We recently asked Cycling Weekly readers to name the most ludicrous myths relating to cycling that they have heard and we present a selection of answers here in association with B’Twin.
What is the most ludicrous cycling myth you have heard? Tell us in the comments section below.
“You don’t pay road tax.”
It’s all downhill on the way back.
When your friends offer to go out for an easy ride.
“It’s all about the bike.” Simply twaddle. Bikes are like-for-like and samey at each level. It’s all about the rider. Or possibly… The Bass.
That 25mm tyres are better than 23mm… oh, there’s 28mm? They’re deffo better.
You need to grind up hills in your big ring to get stronger. (It won’t destroy your knees.)
Painting a white line on the ground and calling it a cycle lane, makes it safer to ride on the road.
That you can train yourself to do without the need for water.

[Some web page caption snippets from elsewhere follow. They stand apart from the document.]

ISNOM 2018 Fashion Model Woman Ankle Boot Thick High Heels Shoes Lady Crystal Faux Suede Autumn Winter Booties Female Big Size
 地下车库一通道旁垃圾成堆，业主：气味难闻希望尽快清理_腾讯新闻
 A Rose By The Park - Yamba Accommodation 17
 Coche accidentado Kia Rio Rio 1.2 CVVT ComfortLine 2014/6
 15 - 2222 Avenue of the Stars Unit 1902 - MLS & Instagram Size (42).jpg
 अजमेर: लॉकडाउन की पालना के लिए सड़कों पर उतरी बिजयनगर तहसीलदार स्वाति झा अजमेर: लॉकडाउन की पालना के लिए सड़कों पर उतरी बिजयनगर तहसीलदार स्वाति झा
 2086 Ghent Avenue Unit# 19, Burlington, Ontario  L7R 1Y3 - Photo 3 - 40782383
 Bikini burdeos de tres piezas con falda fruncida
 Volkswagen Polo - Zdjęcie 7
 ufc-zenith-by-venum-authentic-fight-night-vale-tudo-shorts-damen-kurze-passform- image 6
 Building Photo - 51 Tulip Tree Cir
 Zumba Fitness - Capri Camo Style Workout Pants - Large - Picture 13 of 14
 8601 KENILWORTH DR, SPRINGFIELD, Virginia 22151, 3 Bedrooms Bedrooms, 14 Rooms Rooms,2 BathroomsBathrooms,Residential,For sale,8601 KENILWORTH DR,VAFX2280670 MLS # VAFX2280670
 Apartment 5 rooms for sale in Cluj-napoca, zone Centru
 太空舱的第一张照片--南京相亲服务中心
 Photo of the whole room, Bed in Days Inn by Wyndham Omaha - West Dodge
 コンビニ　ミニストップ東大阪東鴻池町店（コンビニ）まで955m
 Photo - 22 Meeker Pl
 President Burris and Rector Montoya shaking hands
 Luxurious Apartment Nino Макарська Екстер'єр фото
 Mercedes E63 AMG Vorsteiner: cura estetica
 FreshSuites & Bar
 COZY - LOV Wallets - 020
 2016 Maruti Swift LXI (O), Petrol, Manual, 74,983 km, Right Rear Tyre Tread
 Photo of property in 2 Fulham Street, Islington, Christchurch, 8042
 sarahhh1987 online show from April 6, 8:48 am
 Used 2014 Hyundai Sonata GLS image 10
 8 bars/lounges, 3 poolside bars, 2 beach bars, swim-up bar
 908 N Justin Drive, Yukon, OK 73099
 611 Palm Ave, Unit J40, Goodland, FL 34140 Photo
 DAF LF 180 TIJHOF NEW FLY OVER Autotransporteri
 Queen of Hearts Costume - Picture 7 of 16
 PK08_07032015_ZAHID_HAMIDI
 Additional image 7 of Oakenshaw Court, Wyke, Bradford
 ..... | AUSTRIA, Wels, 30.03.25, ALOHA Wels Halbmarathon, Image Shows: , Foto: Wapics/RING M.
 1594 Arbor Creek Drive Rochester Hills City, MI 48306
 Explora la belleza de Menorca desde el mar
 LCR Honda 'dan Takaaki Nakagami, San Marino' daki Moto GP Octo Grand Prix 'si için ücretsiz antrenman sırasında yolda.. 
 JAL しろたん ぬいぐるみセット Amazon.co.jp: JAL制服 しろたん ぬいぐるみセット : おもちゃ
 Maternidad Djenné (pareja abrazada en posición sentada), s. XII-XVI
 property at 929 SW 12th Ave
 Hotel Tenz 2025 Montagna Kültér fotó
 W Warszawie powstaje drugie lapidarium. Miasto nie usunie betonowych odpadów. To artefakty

Every year your bike is destined to become obsolete. Bigger wheels, less gears, flat pedals, wider tyres. The bike industry has to keep selling stuff, right?! Meanwhile I’m still having fun riding steel road bikes, 26-inch mtb wheels and triple cranks.
Gary E Robertson
That cyclists have no respect for laws.
That ‘weight penalty’ is an actual penalty. If you get dropped, it wasn’t because your bike was 0.5kg heavier.
That Mikel Landa will lead Movistar for next year’s Tour.
Piotr Kinjou Prow
That rim brakes work even when wet.
I’m not sure it’s ludicrous, but it’s widespread, and it’s a myth. Furious pedalling. It doesn’t exist. This surprised me very much, because when I was a lad, about 15 years old, I sprinted through an amber traffic light just about to change to red, unaware of the policeman watching. He pulled me over and lectured me for a bit, telling me the only reason he wasn’t taking me down to the station to charge me with furious pedalling was my age, and that I had to behave in future. It worked, mind you, in the 20-odd years since, I haven’t ever sprinted through lights just as they’re changing.
That comments on cycling Facebook pages are always respectful and unbiased in tone.
That buying the same bike as your favourite rider will somehow give you the ability to ride like them.
The only way girls can keep up with the boys is on a Pinarello e-bike!
That I don’t look good in Lycra.
My bank balance won’t suffer.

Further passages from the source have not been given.